I put it aside at the end of the summer because I borked some of the lining process and got all grumpity. But my friend was here yesterday with her knitting, and it inspired me to get it out. After hours of searching, my tired unorganized ass found my glue gun, and I fixed the lining and glued some Catholic religious medals that I scored at the Fremont Market to the front, around the mirror. Today we went down to Pike Place and I got about 50 milagros, and I glued those in the places where the religious medals weren’t. It is viva la Mexico ftw.
I even got a boobies milagro. I have never seen one of those.
“They are for warding off breast cancer, or for breast health,” the woman at the store said.
“Or maybe for fighting gravity,” I said.
I took pictures of the cabinet in progress all summer, and they are scattered through my photo folders.

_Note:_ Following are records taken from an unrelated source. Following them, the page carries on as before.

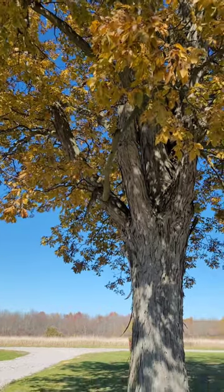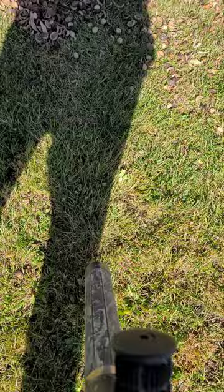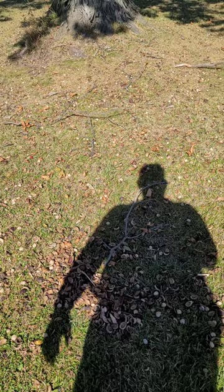We are raking up hickory nuts today. I'm trying a leaf blower. These things, all they do is attract squirrels, chipmunks, mice, and rodents. We're trying to get rid of them.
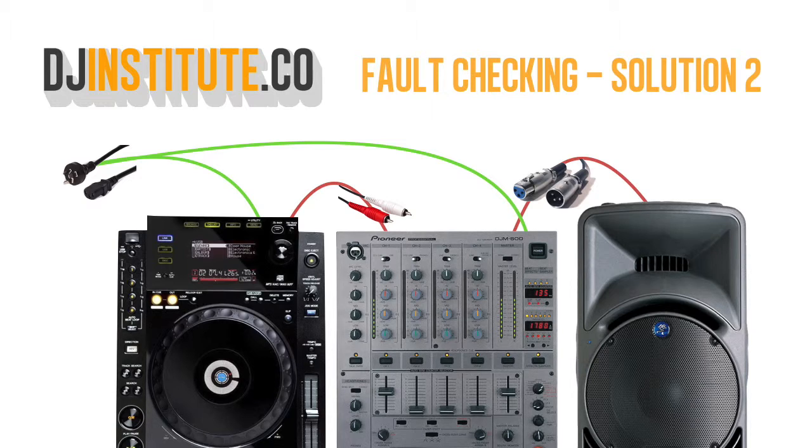As it turns out the XLRs weren't connected to the back of the speaker properly. We plug them in and sound starts coming out. Bonus points if you also thought of the crossfader channel select — make sure the crossfader is switched off as it can throw off your fault tracking process sometimes.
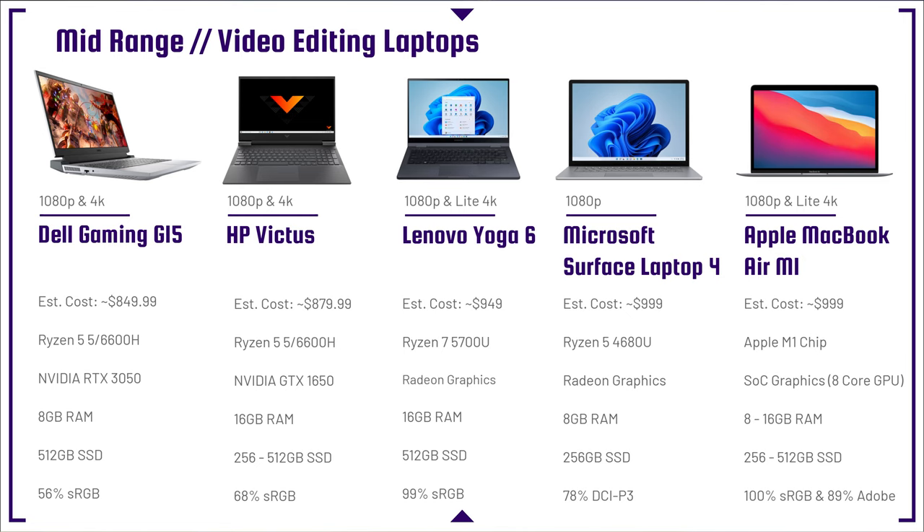The first two laptops on this lineup are my top picks — they have dedicated GPUs with 4 gigs of VRAM and an H-series processor, meaning higher performance, higher power consumption limits, and a smoother video editing experience. The Apple MacBook Air M1 will be good for 1080p and maybe some light 4K, depending on your software. If you're using Final Cut Pro, you could definitely edit 4K on that laptop. If you're using Premiere Pro or DaVinci Resolve, be light on the 4K, as it may struggle and have longer export times.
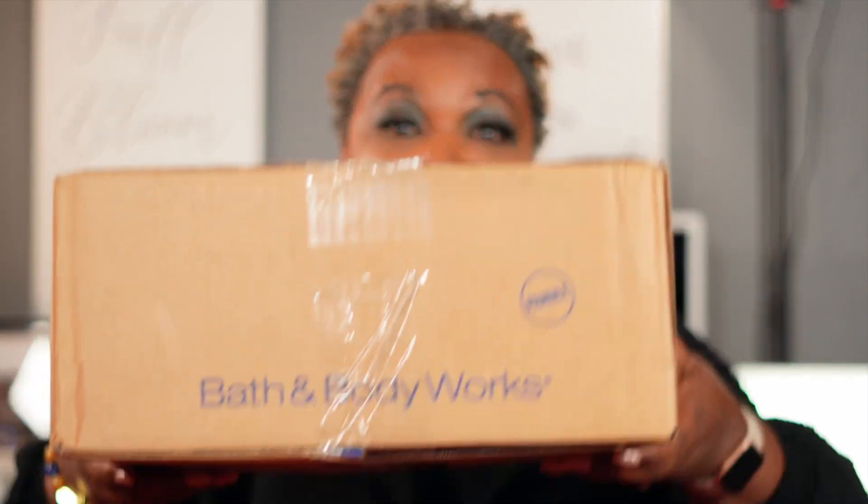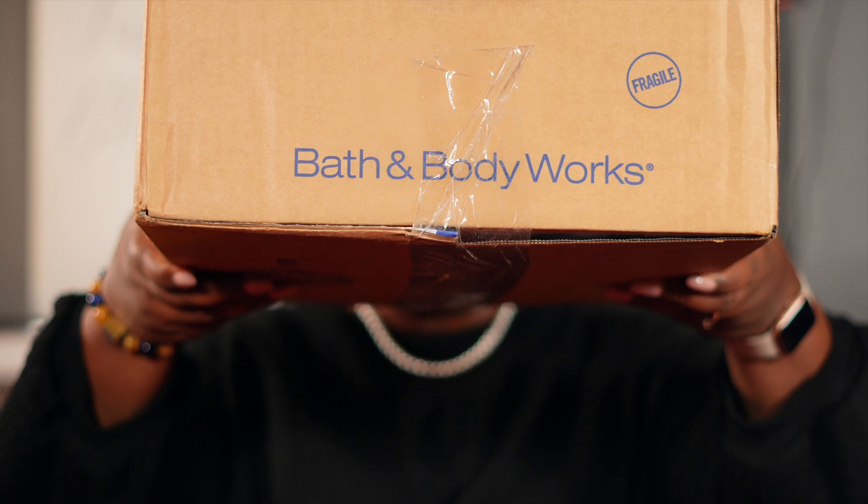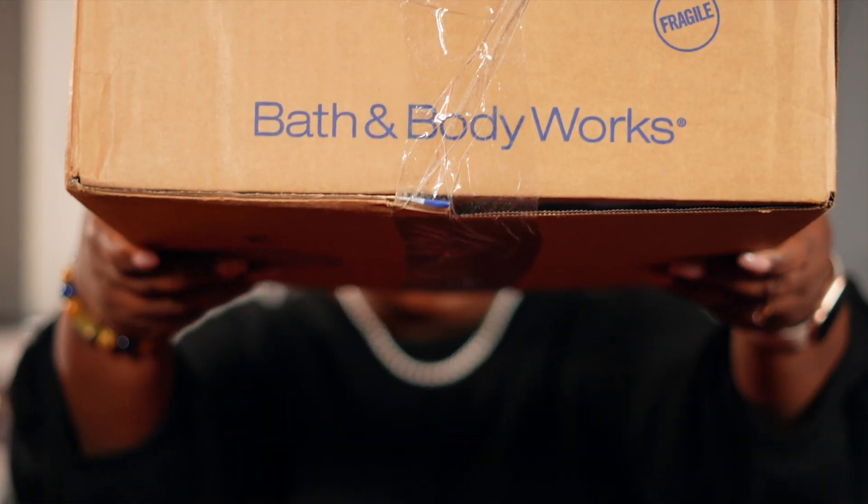Hi everyone, this is Leslie Suzette and Sprongly Natural here with some more great content. Today — it's been a while — but I'm coming at you with a Bath and Body Works haul. Can you see that?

I want to take a picture of my finished cabinet, and make a gallery out of it. BUT, I have somehow lost my battery charger, so I am saving my last bit of juice for like when the aliens come. I will pick up a new charger soon.
You know what’s even better than hot glue gun burns? Do you? Freaking out and waving your hand around and having the glue dry on your burn. Now I have a blister under a glue glob. It’s like Science under Glass. Is my finger going to fall off? I hope not. It’s my special finger I reserve for choad poking.
Dear MF Diary: Beachy KEEN!
Figure 1
Hey! We went to the beach. It was pretty nice. We stayed in a cabin with a kitchen, which is good for containing naughty babies, and also for making pancakes in your pajamas. It was the Kite Festival on the Long Beach Peninsula, which is pretty fricking fun. No one at this house has a particular boner for kites; we just went because August is usually the most reliable time for a vacation. And I think it only rained two or three times, so SCORE.